Physio 2 - Metabolism 1

drraythe's version from 2015-06-09 01:48

Small intro + CARBS

Question Answer
Three main places of storage of food molecules?fat, glycogen, protein pool
direction of metabolism is dependent on what? three paths it can take?depends on FUEL AVAILABILITY, main directions are (1) storage of energy (anabolic) (2) mobilization of energy (catabolic) (3) conversions
how does she draw out the "metabolic players/directions" into one very simple picture?(DRAW/LOOK AT 1.1.2) carbs are coming off of C6 (this is usually glucose). C6 is attached to C3, which has lipids and proteins branching off of it. C3 is then attached to C2, which has ENERGY branching off of it. what is left is C1, the waste product (usually CO2)
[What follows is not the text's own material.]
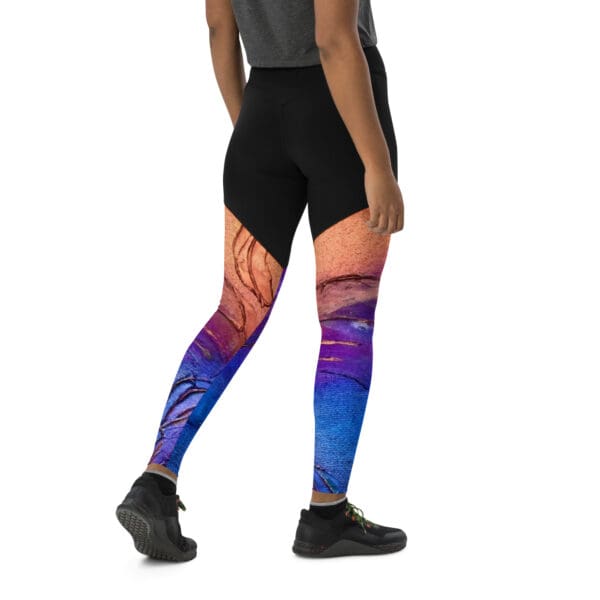 A person wearing leggings with an image of the ocean on them.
what is anabolic metabolism?store energy
what is catabolic metabolism?mobilization of energy
how are fuel stores interconnected?interconnected through a "spinal column" of carbon compounds by a mult of pathways
directions of metabolic pathways controlled by? (4)hormones, nervous system, ATP/ADP ratios, accumulation of intermediates/end products
what is the preferred fuel in all tissues?GLUCOSE
What are the glucose-dependent tissues? (7)NERVOUS SYSTEM, RBCs, retina, renal medulla, gonads, fetus, lactation
what is the adequate blood glucose level that is absolutely essential to maintain?~80-120mg glc/dl
glucose level which could cause irritability? seizures? coma? death?irrit= <80mg. seizures= <50. coma=<20, then after slip into coma, death
how does one maintain blood glucose levels? (3)(1) eat/digest/absorb glucose (2) storing (glycogenesis) and releasing stores (glycogenolysis) (3) synth of new glucose from precursors (gluconeogenesis)
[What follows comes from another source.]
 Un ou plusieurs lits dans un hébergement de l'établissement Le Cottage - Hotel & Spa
if you get excess glucose levels, what hormone is released?insulin
if you get hypoglycemic, what hormone(s) is released?glucogon....if very severe, cortisol/epi/norepi also
how does glucose enter cell? what is it dependent on? what does it require?via facilitate diffusion. dependent on concentration of glucose. Requires GLC XPORTERS (GLUTs)
glucose uptake in glucose dependent tissues+liver is... (where are the GLUTs? what's going on with their facilitated diffusion?)built in! GLUTs are part of their cell membranes, facilitated diffusion is always active
glucose uptake in glucose independent tissues (mm,fat) is... (where is GLUT? whats going on with facilitated diffusion?)GLUTs are stored intra-cellularly. need insulin stim to allow GLUTs to fuse with cell membranes (therefore facilitated diffusion ONLY when INSULIN present)...GLUTs detach if no insulin present
so if you have a hyperglycemic state (in reference to glc uptake)ALL cells have access to blood glucose
if you have a hypoglycemic state ( in reference to glc uptake)only glc-dependent cells have access to blood glc (glc independent use alternate fuels)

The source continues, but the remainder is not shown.